Where is this conversation heading to?

“Won’t that be morally wrong, Mr Darcy? Misuse of power for selfish intent.”, I wallow myself in guilt as I spoke.

“Can be seen as one, but it doesn’t matter unless it’s harmful. I don’t think saving your parents would be harmful to our planet. If I were in your place, I’d have gone back in time and murdered Hitler instead. No bombings, parent’s saved, personal vendetta against Hitler complete, World War II ends five years earlier, millions of lives saved – the world would be a better place to live in.”

“That’s..that’s true, but how can we be so sure that things will definitely fall in place.”, I felt better to find someone to whom I can relate to.

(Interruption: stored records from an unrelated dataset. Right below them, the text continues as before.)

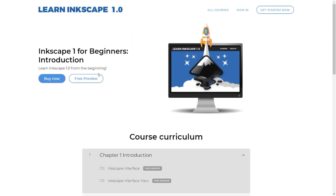Before we get started, I'd like to introduce my Inkscape beginner course. Here I'm going to explain in detail all the tools, the tool sets and features in the Inkscape program. I'll explain what they are, how to use them and why we use them. If you'd like to check that out, I'll have a link to that in the description.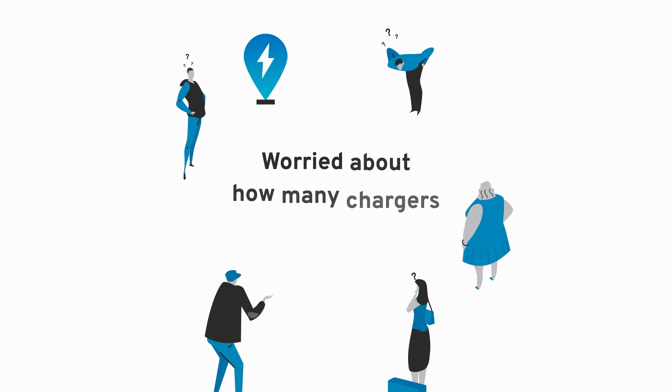Worried about how many chargers are out there? Fear not. As of January 2024, GM EV drivers will have access to over 174,000 chargers. And that number is constantly growing thanks to GM Energy and its collaborations,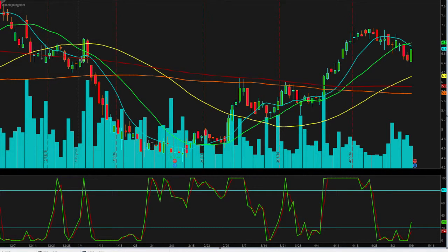ACT Investor here, bringing you another independent analysis. This time we're taking a look at Compugen LTD, ticker symbol CGEN, C-G-E-N.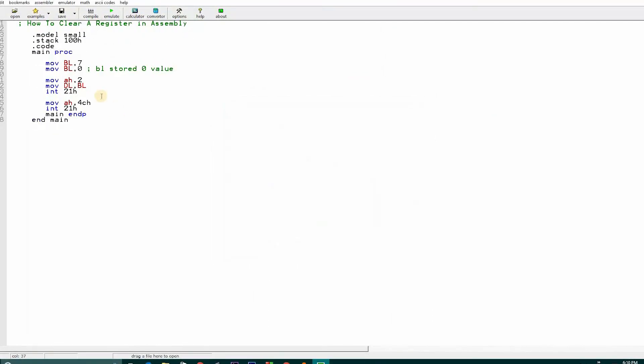I told you the two methods, which is subtraction method and the other method is doing double move. The first line is BL 7, and the second restores or stores the value zero in BL. These two methods store the value zero in BL: subtraction BL from BL or the same number subtraction.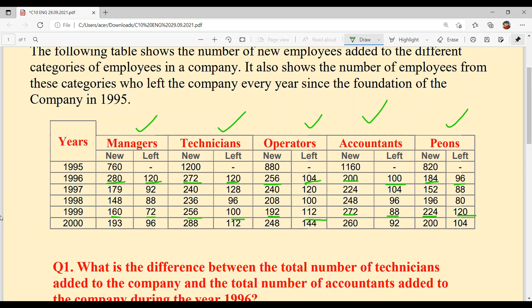And last is 2000: 193 new Managers, 288 new Technicians, 248 new Operators, 260 new Accountants, and 200 new PNs. In this year, Managers who left: 96; Technicians who left: 112; Operators who left: 144; Accountants who left: 92; and PNs who left: 104.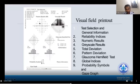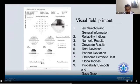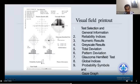The numerical results include the grayscale and total deviation. The grayscale is a pictorial representation, the total deviation has both a numerical graph and a pictorial graph. Similarly, pattern deviation has a numerical graph followed by a pattern deviation plot as a pictorial explanation.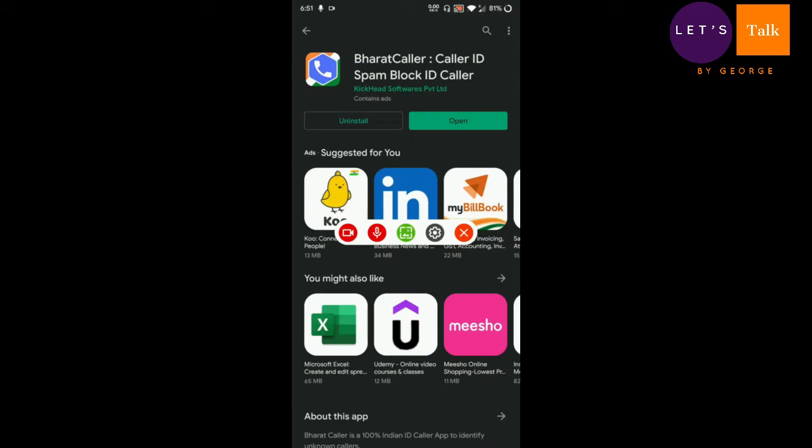Hello and welcome back to Let's Talk by George. In today's video we are going to review an app called Bharat Kolar. Guys, honestly this is an Indian alternative, this is an Indian app and it is an alternative to TrueCaller.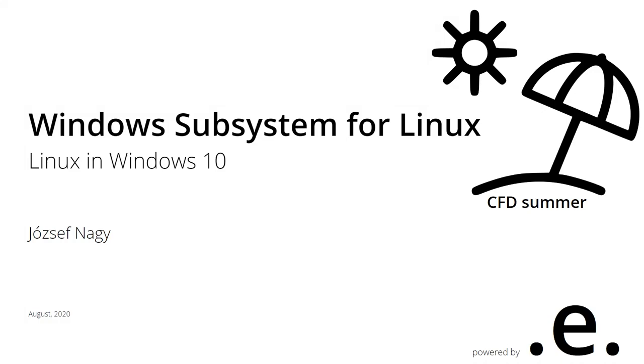This is József Nagy here and welcome to the second video in the CFD Summer series in 2020, where I'm talking about CFD and OpenFOAM related topics. Today's topic is the Windows Subsystem for Linux, or WSL, however you want to call it, which is Linux within Windows.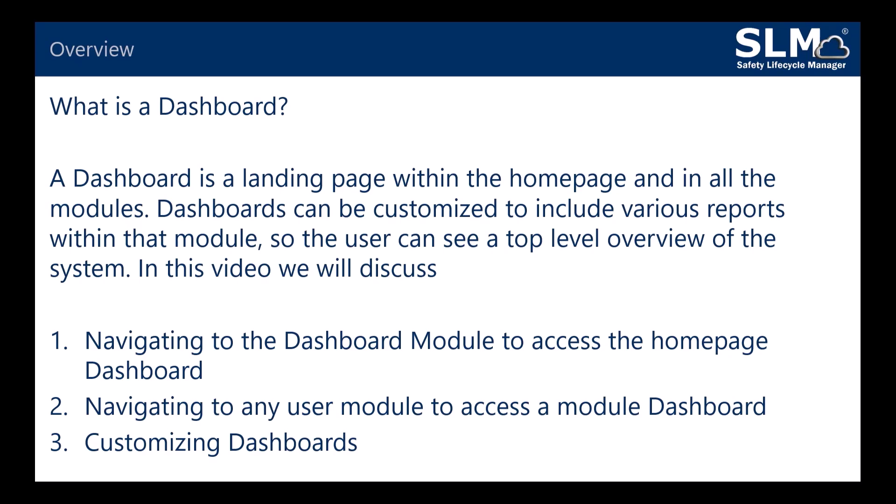In this video we'll discuss navigating to the dashboard module to access the home page dashboard, navigating to any user module to access a module dashboard, and customizing dashboards.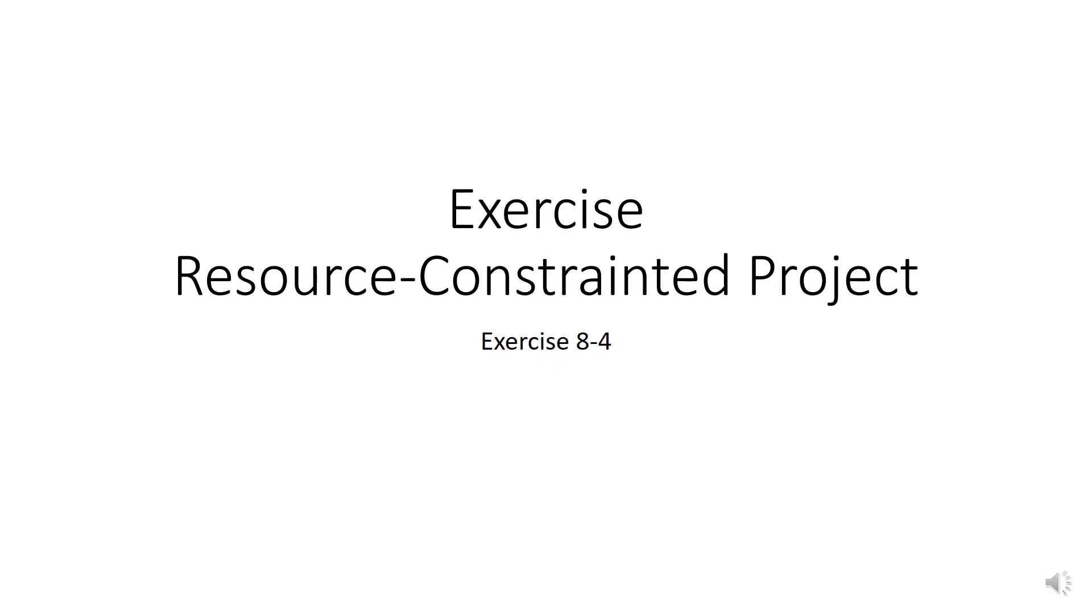Assalamualaikum and good afternoon everyone. Today's lesson is on resource scheduling constraint. Let's go through some exercise so that it can help you understand better.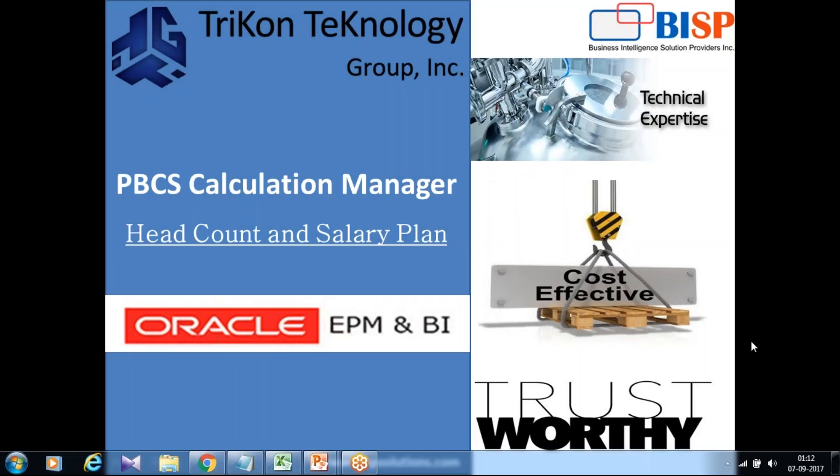Hello friends and welcome to bispsolutions.com with my business partner Tricon Technology. My name is Amit and today I'm going to show you how to write calculation for headcount and salary plan.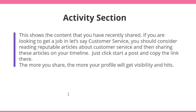The Activity section shows the content that you have recently shared. If you're looking to get a job in, let's say, customer service, you should consider reading reputable articles about customer service and then sharing these articles on your timeline. Just click to start a post and copy the link there. The more you share, the more your profile will get visibility and hits.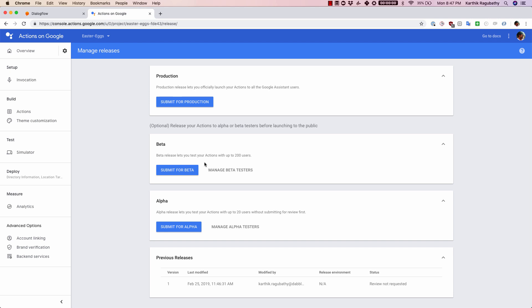What beta testing does is it allows you to test your actions with up to 200 users. But in this case, when you submit for beta, the Google Actions on Google Store is going to review your action and make sure that it follows their policies and all those trademark, copyrights and stuff like that, and then approve it.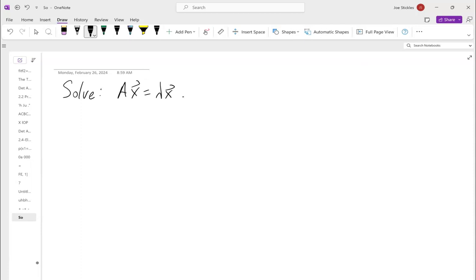We're trying to figure out for what vectors this will work — that's essentially what we're trying to solve. It's not quite written that way in number 14, but we'll talk about going back to that here in a second.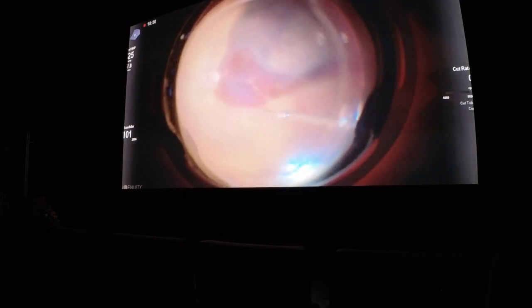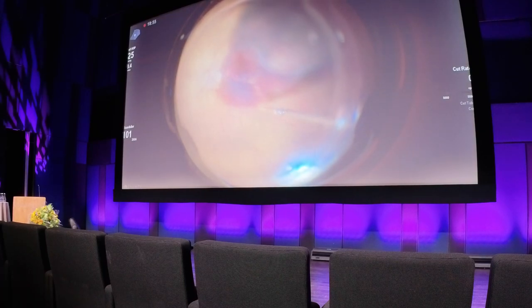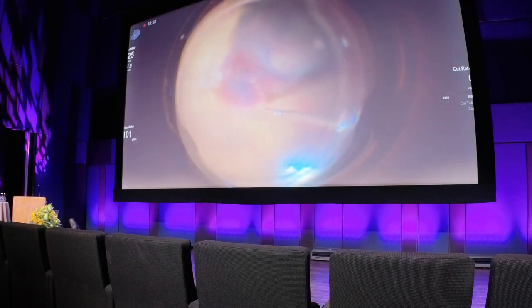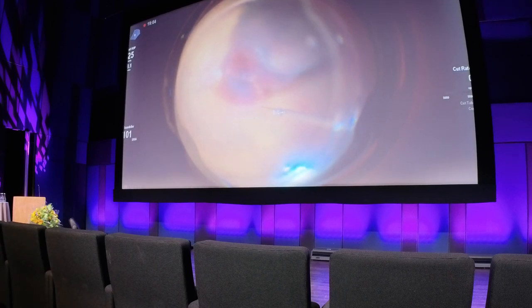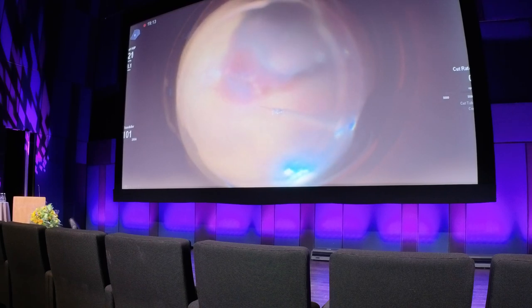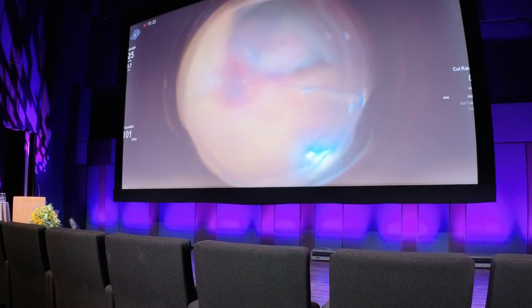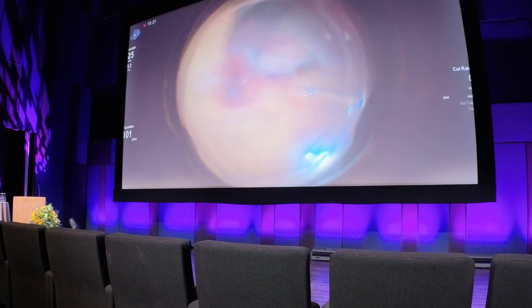This is a case of retinal arterial macroaneurysm in which we use subretinal TPA in order to dissolve and displace the subretinal hemorrhage. This is important because we know that there are medications like Luxturna which are for genetic diseases and are delivered subretinally. So better visualization with better control will provide us with more options to treat different eye conditions.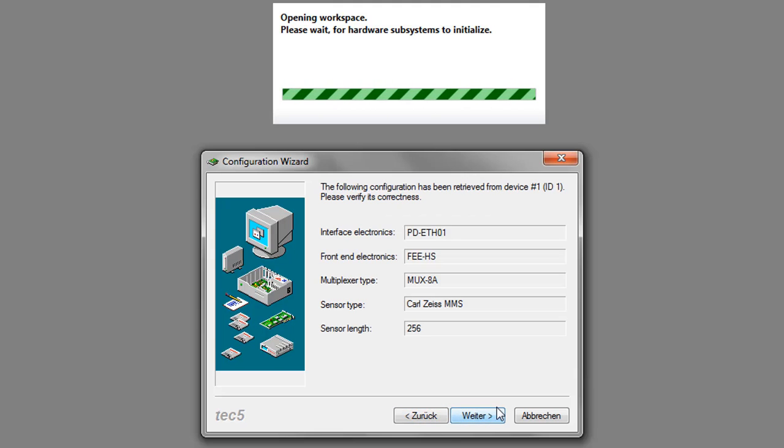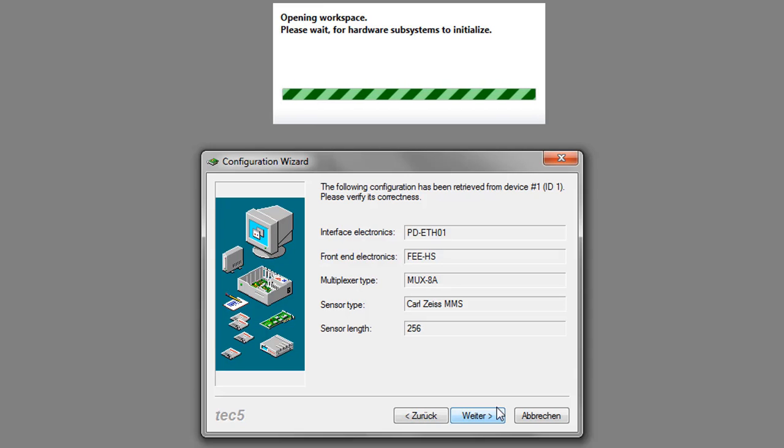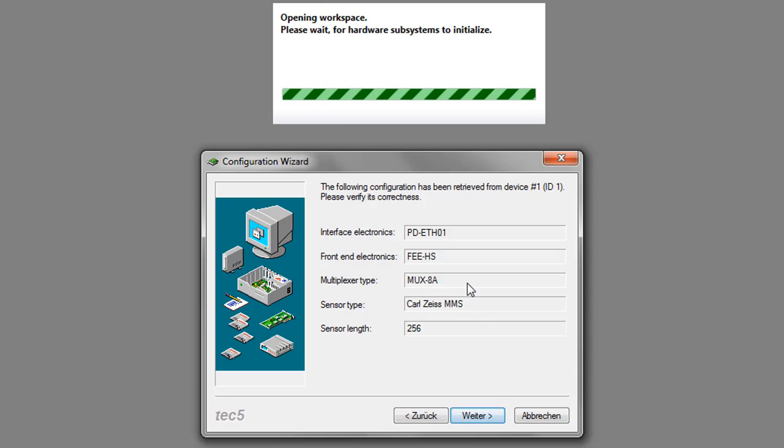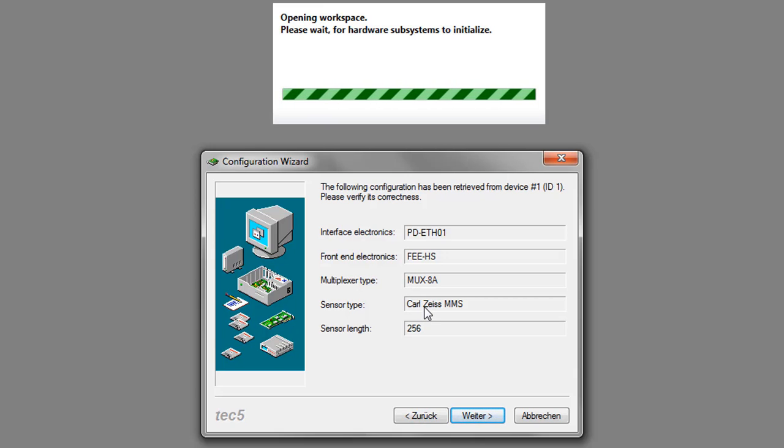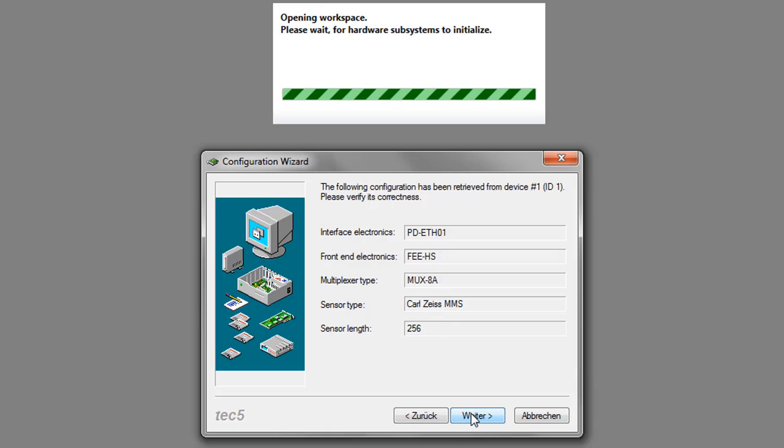The configuration acquires some information on the system. It shows you that the system has a multiplexer and a crowd-size MMS.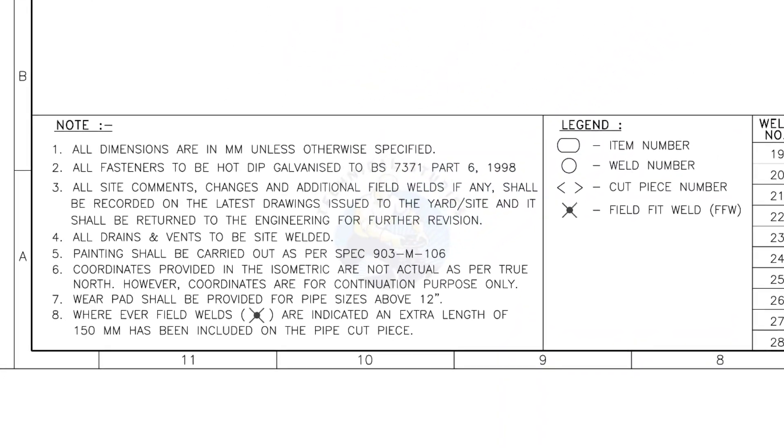Let us go to the notes. I will read the important notes for you. All dimensions are in millimeters unless otherwise specified.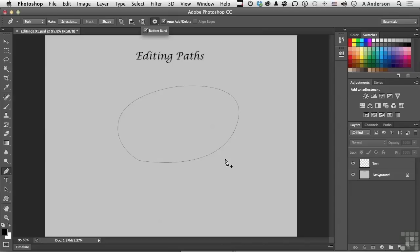Control is what we need, whether you're drawing a shape or a path. And Photoshop gives us all the control we need to get exactly what we want.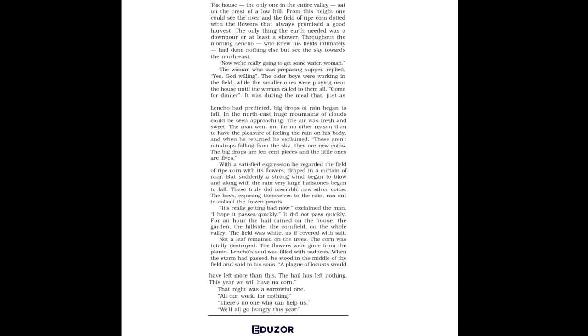With satisfaction, he watched the rain and saw his ripe corn field. Suddenly, a strong wind began to blow. Then, large hailstones began to fall. Lencho's happiness now turned to worry. He hoped the rain would stop soon. Otherwise, his crop would be destroyed.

At least someone else felt the same way I felt about my case.

“That’s where we let nature and the game of probabilities take control.”

I reflect on his words as we complete our task at hand.

“Don’t tell me you never thought of doing this before. Hasn’t this thought even crossed your mind, Mr Bernard?”

“What do you think?”

“I think you would have definitely thought about it. Human tendency.”

“There you have your answer, Mr Darcy.”

“I feel you’ll definitely save your parents. It’d become too difficult for you to just stand there and observe them knowing that they’re going to die the very next day.”


“Anyone on this planet would’ve done the same if he/she was in your shoes, Mr Bernard.”

“We’ll continue the rest of the connections tomorrow. It’s high time I sleep.”


“I’ll complete some more calculations before I go to bed.”, Hannah said, her eyes still on the calculator.

“I’ll help her out then.”, Raymond offered help.

“Sure. Good night.”, I retire to my study room.

“Good morning Mr Bernard.”, Hannah greets me as I enter the lab.

“Good morning Hannah. Where’s Mr Darcy?”, I go ahead and have a look at the calculation journal.

“He must be in the library or the garden terrace.”


“It seems you didn’t sleep at all yesterday.”, Hannah said as she offered me a cup of coffee.

“Sleep eluded me after a while, so I decided to read some stuff instead.”

“Fiction or Science Magazines again?”

“This month’s copy of La Recherche, Science et Avenir and Science & Vie.”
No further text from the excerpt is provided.